In connection with the Company’s registered direct offering that closed on September 26, 2018 (the “Registered Direct Offering”) and the Company’s underwritten public offering that closed on October 2, 2018 (the “Unit Offering”), the Company agreed to certain restrictions (the “Company Lock-Ups”) set forth in the Placement Agency Agreement dated as of


September 24, 2018 between the Company and Roth, as the placement agent for the Registered Direct Offering, and the Underwriting Agreement, dated as of September 28, 2018, between the Company and Roth, as the underwriter for the Unit Offering.

The Company Lock-Ups, among other items, prohibited the Company, during a period of thirty (30) days from September 24, 2018, and a period of ninety (90) days from September 28, 2018, without the prior written consent of Roth, from offering or selling any common stock or any securities convertible into or exercisable or exchangeable for common stock. In connection with the Offering, on October 8, 2018, Roth waived the Company Lock-Ups (the “Lock-Up Waiver”) solely with respect to the Offering.

Warrant Exercise Price Adjustment

In connection with the Unit Offering, the Company issued warrants exercisable for 2,516,250 shares of our common stock at an initial exercise price of $6.00 per share (the “Unit Offering Warrants”).
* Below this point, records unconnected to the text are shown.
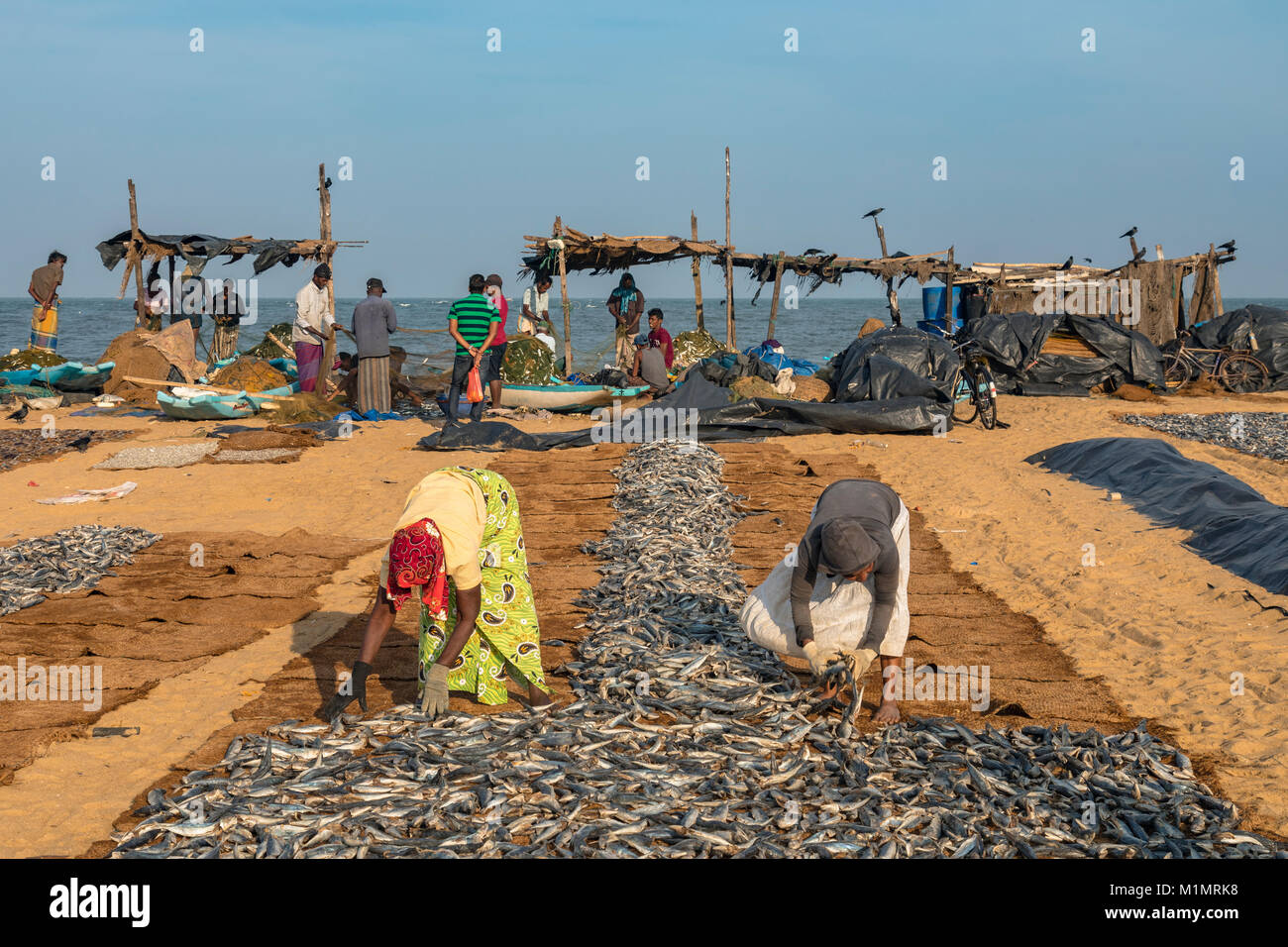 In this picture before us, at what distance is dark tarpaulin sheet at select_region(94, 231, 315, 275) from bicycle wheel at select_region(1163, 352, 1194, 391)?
17.7 m

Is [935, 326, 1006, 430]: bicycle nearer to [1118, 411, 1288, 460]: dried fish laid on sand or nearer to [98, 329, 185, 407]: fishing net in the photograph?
[1118, 411, 1288, 460]: dried fish laid on sand

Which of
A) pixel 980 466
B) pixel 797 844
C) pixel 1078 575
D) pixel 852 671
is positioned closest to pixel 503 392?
pixel 980 466

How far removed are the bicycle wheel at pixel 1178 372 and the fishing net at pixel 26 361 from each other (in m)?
21.8

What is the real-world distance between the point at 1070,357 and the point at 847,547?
16.8 m

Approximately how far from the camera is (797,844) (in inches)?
157

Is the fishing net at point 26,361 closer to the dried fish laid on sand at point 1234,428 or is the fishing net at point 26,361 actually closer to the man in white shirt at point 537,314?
the man in white shirt at point 537,314

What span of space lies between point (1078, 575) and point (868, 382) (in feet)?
26.5

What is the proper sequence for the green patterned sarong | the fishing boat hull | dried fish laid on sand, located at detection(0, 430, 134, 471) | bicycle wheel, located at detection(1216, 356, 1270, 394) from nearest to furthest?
the green patterned sarong, dried fish laid on sand, located at detection(0, 430, 134, 471), the fishing boat hull, bicycle wheel, located at detection(1216, 356, 1270, 394)

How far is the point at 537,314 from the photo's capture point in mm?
19734

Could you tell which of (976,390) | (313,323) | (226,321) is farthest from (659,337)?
(226,321)

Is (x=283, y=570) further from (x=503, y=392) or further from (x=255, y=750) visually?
(x=503, y=392)

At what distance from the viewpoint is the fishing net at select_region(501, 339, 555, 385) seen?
17.9 metres

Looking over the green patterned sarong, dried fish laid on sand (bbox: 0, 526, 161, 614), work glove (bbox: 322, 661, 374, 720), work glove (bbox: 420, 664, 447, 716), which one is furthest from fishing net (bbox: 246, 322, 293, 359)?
work glove (bbox: 420, 664, 447, 716)

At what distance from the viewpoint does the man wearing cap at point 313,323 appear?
16.1 meters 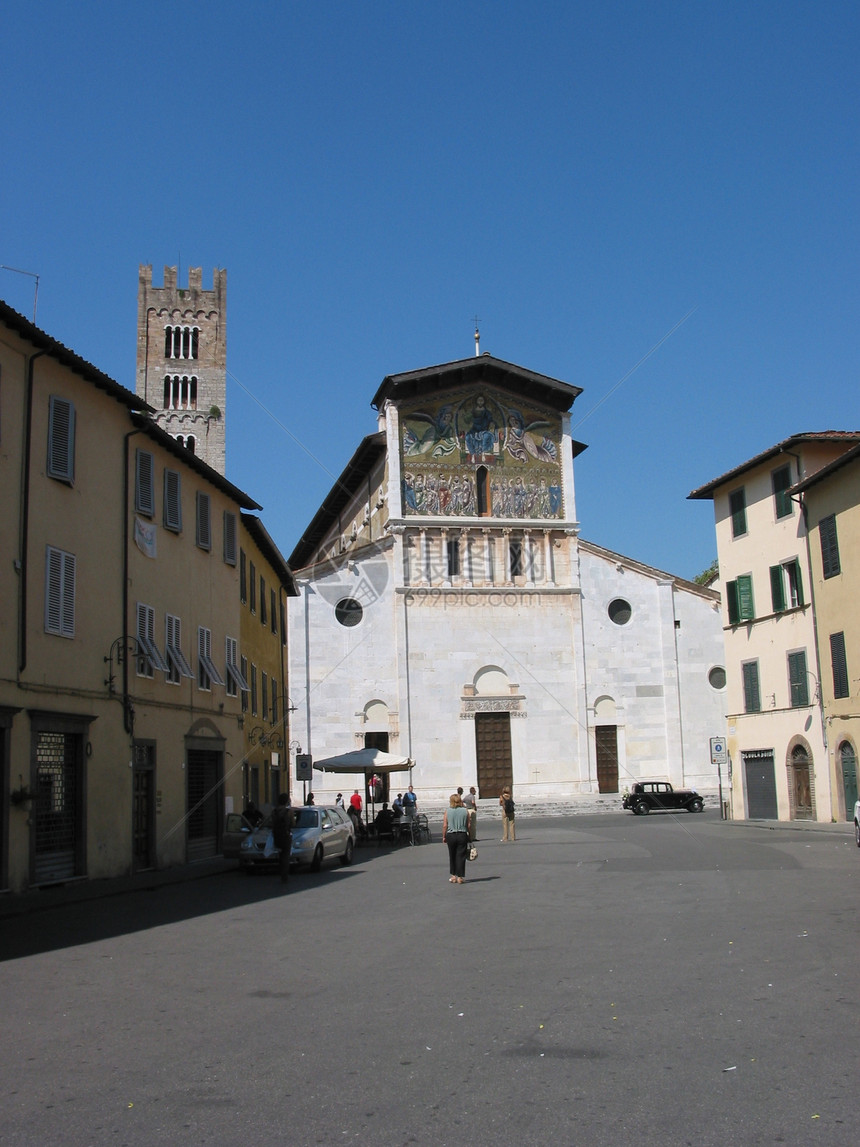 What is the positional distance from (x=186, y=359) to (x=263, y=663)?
51.2m

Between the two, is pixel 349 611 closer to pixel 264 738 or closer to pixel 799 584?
pixel 264 738

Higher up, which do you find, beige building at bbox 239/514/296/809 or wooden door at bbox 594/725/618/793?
beige building at bbox 239/514/296/809

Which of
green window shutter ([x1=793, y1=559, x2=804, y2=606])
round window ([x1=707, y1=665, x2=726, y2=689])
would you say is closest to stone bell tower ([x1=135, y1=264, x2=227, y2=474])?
round window ([x1=707, y1=665, x2=726, y2=689])

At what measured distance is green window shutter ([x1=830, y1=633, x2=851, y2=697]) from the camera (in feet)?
99.7

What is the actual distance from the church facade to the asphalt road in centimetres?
3236

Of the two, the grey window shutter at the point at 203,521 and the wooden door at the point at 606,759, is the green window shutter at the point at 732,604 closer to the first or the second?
the wooden door at the point at 606,759

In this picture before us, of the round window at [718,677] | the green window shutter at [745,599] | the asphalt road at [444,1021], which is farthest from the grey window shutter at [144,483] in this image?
the round window at [718,677]

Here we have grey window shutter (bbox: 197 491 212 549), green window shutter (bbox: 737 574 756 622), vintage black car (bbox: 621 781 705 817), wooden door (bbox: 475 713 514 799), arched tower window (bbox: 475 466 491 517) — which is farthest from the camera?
arched tower window (bbox: 475 466 491 517)

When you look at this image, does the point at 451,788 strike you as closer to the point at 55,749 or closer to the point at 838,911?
the point at 55,749

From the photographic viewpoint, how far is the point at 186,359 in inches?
3285

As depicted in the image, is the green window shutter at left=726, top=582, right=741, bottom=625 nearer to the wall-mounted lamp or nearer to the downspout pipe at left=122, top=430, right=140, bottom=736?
the wall-mounted lamp

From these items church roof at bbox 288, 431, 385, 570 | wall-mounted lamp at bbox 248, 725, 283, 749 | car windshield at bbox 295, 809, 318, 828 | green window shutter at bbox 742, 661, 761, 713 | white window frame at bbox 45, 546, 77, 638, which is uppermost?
church roof at bbox 288, 431, 385, 570

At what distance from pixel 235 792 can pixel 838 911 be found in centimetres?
1934

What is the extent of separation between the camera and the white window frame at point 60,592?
19.4m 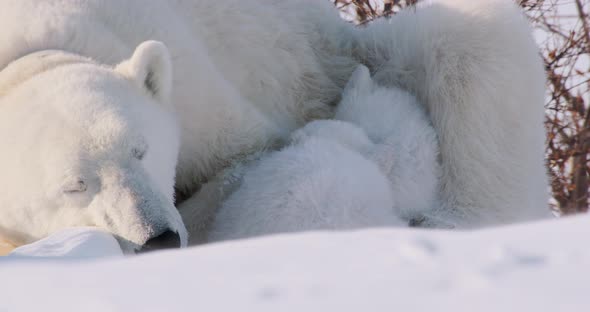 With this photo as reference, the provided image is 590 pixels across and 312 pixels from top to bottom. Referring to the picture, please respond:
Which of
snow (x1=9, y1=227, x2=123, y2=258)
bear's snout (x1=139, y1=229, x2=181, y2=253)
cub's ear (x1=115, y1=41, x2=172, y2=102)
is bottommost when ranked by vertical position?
bear's snout (x1=139, y1=229, x2=181, y2=253)

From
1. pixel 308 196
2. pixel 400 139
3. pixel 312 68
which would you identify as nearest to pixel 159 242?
pixel 308 196

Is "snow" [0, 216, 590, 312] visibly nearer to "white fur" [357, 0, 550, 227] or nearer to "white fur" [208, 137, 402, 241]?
"white fur" [208, 137, 402, 241]

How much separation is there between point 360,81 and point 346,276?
267 cm

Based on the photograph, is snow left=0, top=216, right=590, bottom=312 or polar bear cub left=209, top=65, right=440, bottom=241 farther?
polar bear cub left=209, top=65, right=440, bottom=241

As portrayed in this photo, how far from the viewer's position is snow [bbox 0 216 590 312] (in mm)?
960

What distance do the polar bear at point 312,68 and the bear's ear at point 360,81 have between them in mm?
211

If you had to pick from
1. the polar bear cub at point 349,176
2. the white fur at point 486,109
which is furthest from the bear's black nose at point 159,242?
the white fur at point 486,109

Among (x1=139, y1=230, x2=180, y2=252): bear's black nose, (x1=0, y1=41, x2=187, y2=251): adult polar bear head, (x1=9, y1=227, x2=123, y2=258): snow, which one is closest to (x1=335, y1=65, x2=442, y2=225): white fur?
(x1=0, y1=41, x2=187, y2=251): adult polar bear head

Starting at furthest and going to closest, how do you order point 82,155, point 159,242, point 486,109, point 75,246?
point 486,109, point 82,155, point 159,242, point 75,246

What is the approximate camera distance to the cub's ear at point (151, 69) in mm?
2689

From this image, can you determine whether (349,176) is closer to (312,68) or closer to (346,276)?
(312,68)

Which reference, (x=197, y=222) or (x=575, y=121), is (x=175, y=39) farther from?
(x=575, y=121)

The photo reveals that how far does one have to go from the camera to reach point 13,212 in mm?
2455

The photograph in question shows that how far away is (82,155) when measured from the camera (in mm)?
2344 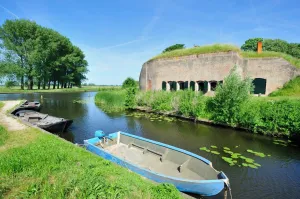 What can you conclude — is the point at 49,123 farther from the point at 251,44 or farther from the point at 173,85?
the point at 251,44

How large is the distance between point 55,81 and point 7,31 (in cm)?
1903

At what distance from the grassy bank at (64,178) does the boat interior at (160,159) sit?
1.69m

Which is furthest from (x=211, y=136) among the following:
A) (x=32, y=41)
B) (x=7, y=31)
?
(x=7, y=31)

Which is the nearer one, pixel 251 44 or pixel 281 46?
pixel 281 46

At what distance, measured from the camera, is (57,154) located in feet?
17.4

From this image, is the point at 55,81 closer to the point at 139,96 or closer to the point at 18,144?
the point at 139,96

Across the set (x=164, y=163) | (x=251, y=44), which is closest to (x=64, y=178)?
(x=164, y=163)

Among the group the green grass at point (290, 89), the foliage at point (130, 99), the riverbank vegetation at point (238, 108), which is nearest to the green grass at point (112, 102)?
the foliage at point (130, 99)

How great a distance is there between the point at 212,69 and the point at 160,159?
1867 cm

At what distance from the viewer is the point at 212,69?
22.6m

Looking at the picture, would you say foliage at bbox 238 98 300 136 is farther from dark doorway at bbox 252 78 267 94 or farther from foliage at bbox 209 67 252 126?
dark doorway at bbox 252 78 267 94

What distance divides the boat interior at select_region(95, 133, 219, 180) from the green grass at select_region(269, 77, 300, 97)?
54.3 feet

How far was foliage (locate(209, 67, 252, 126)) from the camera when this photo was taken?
13.5m

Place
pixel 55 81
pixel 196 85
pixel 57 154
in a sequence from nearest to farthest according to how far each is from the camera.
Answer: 1. pixel 57 154
2. pixel 196 85
3. pixel 55 81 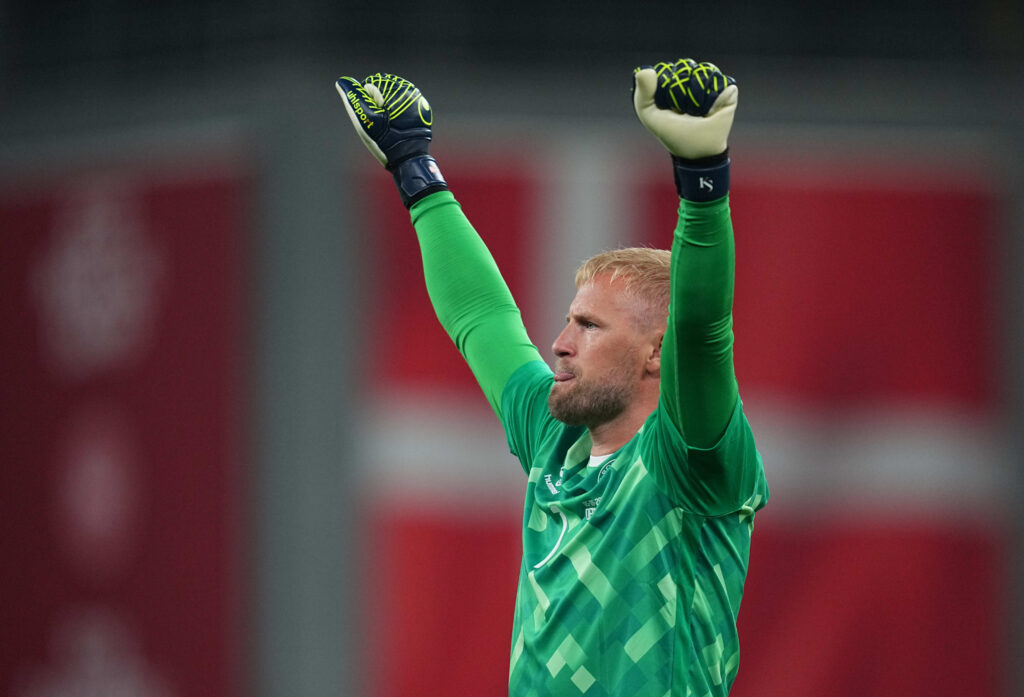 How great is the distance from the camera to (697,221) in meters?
2.98

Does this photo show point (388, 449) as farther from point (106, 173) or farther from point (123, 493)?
point (106, 173)

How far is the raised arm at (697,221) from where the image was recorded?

Pursuant to the terms of the Unit Offering Warrants, upon the public announcement of the Offering, the exercise price of the Unit Offering Warrants was automatically adjusted to be the lower of (i) the purchase price of the units sold pursuant to the Offering, (ii) the exercise price of the warrants included with the units, or (iii) the lowest VWAP of the common stock on any trading day during the five (5) trading day period immediately following the public announcement of the Offering, including October 7, 2018, the date the Offering was publicly announced.

Item 8.01. Other Events.

On October 8, 2018, the Company issued a press release regarding the transactions described above under Item 1.01 of this Current Report on Form 8-K. A copy of the press release is attached hereto as Exhibit 99.1 and is incorporated herein by reference.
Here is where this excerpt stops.